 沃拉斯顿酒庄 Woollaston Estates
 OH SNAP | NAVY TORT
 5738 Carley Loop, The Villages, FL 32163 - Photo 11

- _What is needed_: Each line of the listing must appear in the answer exactly as above.

- _Reply_:
 沃拉斯顿酒庄 Woollaston Estates
 OH SNAP | NAVY TORT
 5738 Carley Loop, The Villages, FL 32163 - Photo 11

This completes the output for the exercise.